Reading this interview, he's all about playing the game and getting the limelight. Nice to see someone wanting to play first team football but he must realise just how far behind Shay Given he actually is in terms of development and sheer ability not to mention 10 years younger. Keepers used to wait until mid till late 20's in the past, not any more and I can see Shay been our first choice keeper for another 5 years.
"There are too many haters," says Joe Hart, spreading out his 6ft 3in frame on a training-ground bench and reflecting on the way Manchester City, to borrow a line from Noel Gallagher, were once the club for whom every London cabbie had a soft spot and are now the one they dislike the most. "There are too many bitter people. Too much jealousy. Everyone wants to knock them down but I hope they do really well. They have not broken any rules. They have paid the money, they are not doing it with backhanders, it's legitimate money. So good luck to them, I say."
"People say to me, 'Well, it's a World Cup year so you had to do this now' and I know where they are coming from but, honestly, that wasn't the thinking behind this move," he says. "The World Cup could have been this summer or three years away and I still would have wanted to get a new club. I had to play, you see. It's job satisfaction and I've got that here. The manager has been great to me and given me the opportunity to play straight away; that's the whole point of being in this industry, isn't it? To play, to be in the limelight, to enjoy the game. But that had gone for me at Man City."

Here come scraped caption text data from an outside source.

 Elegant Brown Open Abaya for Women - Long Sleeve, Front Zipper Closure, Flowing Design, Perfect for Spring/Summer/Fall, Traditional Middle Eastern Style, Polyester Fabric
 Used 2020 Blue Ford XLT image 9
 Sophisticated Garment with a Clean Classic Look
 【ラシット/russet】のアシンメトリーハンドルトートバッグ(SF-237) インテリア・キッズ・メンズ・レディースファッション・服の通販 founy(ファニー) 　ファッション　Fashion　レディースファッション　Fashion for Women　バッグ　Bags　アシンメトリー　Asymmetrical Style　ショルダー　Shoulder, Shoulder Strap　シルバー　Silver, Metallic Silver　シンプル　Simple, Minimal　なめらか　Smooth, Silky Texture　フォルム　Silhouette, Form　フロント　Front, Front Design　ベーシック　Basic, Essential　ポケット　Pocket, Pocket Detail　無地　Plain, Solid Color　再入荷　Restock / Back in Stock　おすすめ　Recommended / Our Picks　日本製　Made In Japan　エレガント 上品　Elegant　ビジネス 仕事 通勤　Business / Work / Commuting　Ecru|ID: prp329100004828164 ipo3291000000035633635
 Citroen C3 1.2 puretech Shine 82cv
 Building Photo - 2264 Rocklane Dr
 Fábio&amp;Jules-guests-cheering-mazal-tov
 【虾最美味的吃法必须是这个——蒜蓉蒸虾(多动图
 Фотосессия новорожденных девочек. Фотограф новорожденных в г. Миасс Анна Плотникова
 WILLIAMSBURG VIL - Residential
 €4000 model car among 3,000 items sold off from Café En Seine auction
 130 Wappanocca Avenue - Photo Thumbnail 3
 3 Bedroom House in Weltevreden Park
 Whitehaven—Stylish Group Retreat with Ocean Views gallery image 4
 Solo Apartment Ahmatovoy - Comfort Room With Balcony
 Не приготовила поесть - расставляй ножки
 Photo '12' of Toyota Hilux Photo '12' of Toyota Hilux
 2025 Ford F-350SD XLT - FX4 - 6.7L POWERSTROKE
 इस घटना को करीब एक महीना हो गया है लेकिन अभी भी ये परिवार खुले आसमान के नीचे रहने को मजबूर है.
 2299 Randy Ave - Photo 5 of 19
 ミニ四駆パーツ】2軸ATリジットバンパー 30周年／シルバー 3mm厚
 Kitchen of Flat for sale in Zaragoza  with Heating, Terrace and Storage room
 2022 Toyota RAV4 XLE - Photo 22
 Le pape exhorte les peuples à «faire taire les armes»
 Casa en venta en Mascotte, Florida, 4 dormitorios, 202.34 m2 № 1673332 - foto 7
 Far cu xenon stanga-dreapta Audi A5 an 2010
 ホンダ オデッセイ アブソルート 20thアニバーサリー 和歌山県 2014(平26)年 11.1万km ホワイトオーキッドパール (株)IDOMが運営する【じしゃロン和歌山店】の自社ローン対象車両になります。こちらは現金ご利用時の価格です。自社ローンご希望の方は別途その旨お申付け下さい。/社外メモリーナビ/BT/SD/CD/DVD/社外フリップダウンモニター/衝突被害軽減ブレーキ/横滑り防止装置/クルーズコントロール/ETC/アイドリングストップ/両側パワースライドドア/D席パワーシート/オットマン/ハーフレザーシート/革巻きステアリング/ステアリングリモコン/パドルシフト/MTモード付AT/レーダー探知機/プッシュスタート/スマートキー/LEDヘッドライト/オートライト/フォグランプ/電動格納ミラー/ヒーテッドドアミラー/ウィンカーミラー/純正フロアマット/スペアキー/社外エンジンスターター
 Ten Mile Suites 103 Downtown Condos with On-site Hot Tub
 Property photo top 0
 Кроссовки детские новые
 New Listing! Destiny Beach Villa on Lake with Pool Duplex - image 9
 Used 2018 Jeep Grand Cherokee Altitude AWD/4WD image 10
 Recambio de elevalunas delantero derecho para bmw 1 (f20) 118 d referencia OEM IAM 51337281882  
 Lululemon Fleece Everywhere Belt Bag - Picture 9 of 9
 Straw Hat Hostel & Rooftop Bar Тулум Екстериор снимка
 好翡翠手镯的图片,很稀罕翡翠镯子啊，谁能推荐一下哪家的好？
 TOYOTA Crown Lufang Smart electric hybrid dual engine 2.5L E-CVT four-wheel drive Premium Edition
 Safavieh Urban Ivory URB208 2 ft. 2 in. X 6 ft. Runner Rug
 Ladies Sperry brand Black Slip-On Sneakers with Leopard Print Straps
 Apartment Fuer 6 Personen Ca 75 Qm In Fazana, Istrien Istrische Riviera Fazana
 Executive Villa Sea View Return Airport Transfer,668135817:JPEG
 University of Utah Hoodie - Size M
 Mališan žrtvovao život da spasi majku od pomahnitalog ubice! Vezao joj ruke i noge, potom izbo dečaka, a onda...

"I just laughed," he says, but he is shaking his head when he says it. "I didn't know what to think, to be honest. I'd heard people talking about it happening. It was in the papers. So I approached people at the club and asked if it was true. They said, 'Nothing is final and ra ra ra.' Then, right at the end of January, Shay was training with us. I just had to accept it because what else could I do? I just thought, 'Whatever!' But there was no point being bitter or stroppy about it.
"I was comfortable about how I had done. OK, I wasn't perfect, but which goalkeeper is? I still felt I had been playing well but he [Mark Hughes] felt he had to bring in another goalkeeper and I suppose it his job to make those decisions. What I would say is that everyone else I spoke to at that time was really supportive. All the supporters were really appreciative of what I had done and how I had been playing."
"There's no guarantee I will ever play for them again," Hart says. "I would love to but, if I'm not needed, then fair enough. I'm at Birmingham now and I've got nothing to do with Manchester City any more. I still find myself supporting them, their result is the first one I look for and I want the lads to do well, but Birmingham are my priority now. I want to do well for myself, I want to do well for Birmingham and if that means I get another chance with England, that's perfect for everyone."